BRIEF DESCRIPTION OF THE DRAWINGS
[0026] The subject matter, which is regarded as the disclosure, is
particularly pointed out and distinctly claimed in the claims at
the conclusion of the specification. The foregoing and other
features, and advantages of the disclosure are apparent from the
following detailed description taken in conjunction with the
accompanying drawings in which:
[0027] FIG. 1 is a side view of a ground test tool (GTT) in
accordance with embodiments;
[0028] FIG. 2 is a schematic illustration of an adapter plate
interposed between the GTT of FIG. 1 and a RAT system
component;
[0029] FIG. 3 is a perspective view in a first direction of the GTT
and the adapter plate of FIGS. 1 and 2 affixed together;
[0030] FIG. 4 is a perspective view in a second direction of the
GTT and the adapter plate of FIGS. 1 and 2 affixed together;
[0031] FIG. 5 is a perspective view of the adapter plate of FIGS.
2-4 in accordance with embodiments;
[0032] FIG. 6 is a cutaway side view of internal components of the
adapter plate of FIG. 5;
[0033] FIG. 7 is a cutaway axial view of internal components of the
adapter plate of FIG. 5; and
[0034] FIG. 8 is a flow diagram illustrating a method of conducting
a ground test of a RAT system in accordance with embodiments.
[0035] These and other advantages and features will become more
apparent from the following description taken in conjunction with
the drawings.
DETAILED DESCRIPTION
[0036] RAT systems of modern aircraft require periodic on-ground
testing to verify that their mechanical, electromagnetic and
electronic components will work as expected if the RAT system is
needed in-flight. This testing normally involves attaching a ground
test tool (GTT) hydraulic motor to the RAT's turbine axis and then
using the GTT motor to backdrive the RAT such that the turbine
rotates at the lower end of its governing speed range. The behavior
of the RAT system and, in particular, its operating speed and speed
control characteristics of the turbine's governor at different GTT
input power levels and with different applied loads is used to
assess whether the RAT system is operating properly.
[0037] As will be described below, an adapter plate with an
integral speed sensor is interposed between a ground test motor and
a RAT gearbox. The adapter plate allows turbine speed information
to be obtained and displayed. The adapter plate and speed sensor
assembly includes a housing with mounting flanges that mate with
the existing interfaces on the ground test tool hydraulic motor and
on the aft end of the RAT gearbox housing. The adapter plate has an
internal splined shaft that is supported by bearings. This shaft
has an internal input spline for interfacing with the ground test
tool hydraulic motor output spline and an external output spline
that interfaces with the RAT module turbine driveshaft spline.
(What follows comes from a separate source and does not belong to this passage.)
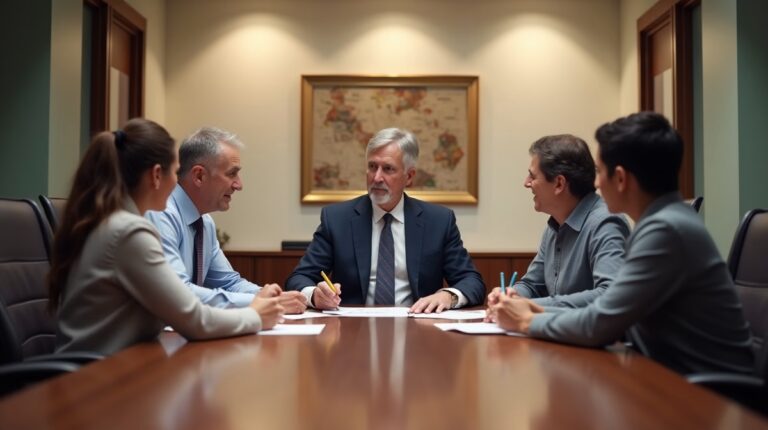 The experienced legal team at Moreno Valley Probate Law helping Inland Empire families from our Moreno Valley office consults with heirs in the Moreno Valley office to sign vital court filings discussing Distributing Assets Before the Court Order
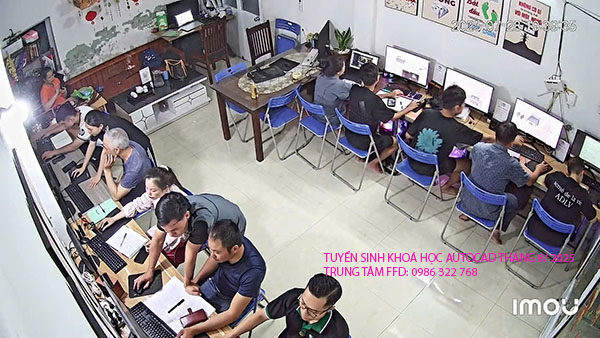 Tuyển sinh khoá học Autocad thangd 8 năm 2025.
The
speed sensor detects a rotational speed of the spline shaft by
using an electromagnet tip or another similar feature to sense the
passing of spoke features.
[0038] With reference to FIG. 1, a GTT 10 is provided and is
normally configured for attachment to the turbine axis of a RAT
module. The GTT 10 includes a mounting plate 11, a GTT spline 12
which protrudes from the mounting plate 11, a motor 13 which drives
rotations of the GTT spline 12 and a power supply 14 coupled to the
motor 13. The mounting plate 11 is configured to abut and be
mounted to a complementary mounting plate of a RAT system
component, such as a RAT gearbox 15, such that the GTT spline 12
registers with an input spline 16 of the RAT gearbox 15. In such
cases, fastening elements 17 may be provided to secure the mounting
plate 11 to the mounting plate of the RAT gearbox 15. The fastening
elements 17 may include bolt-nut combinations or other similar
features. In accordance with embodiments, the motor 13 may be a
hydraulic motor and the power supply 14 may be provided in part as
a system of hydraulic hoses attached to the motor 13.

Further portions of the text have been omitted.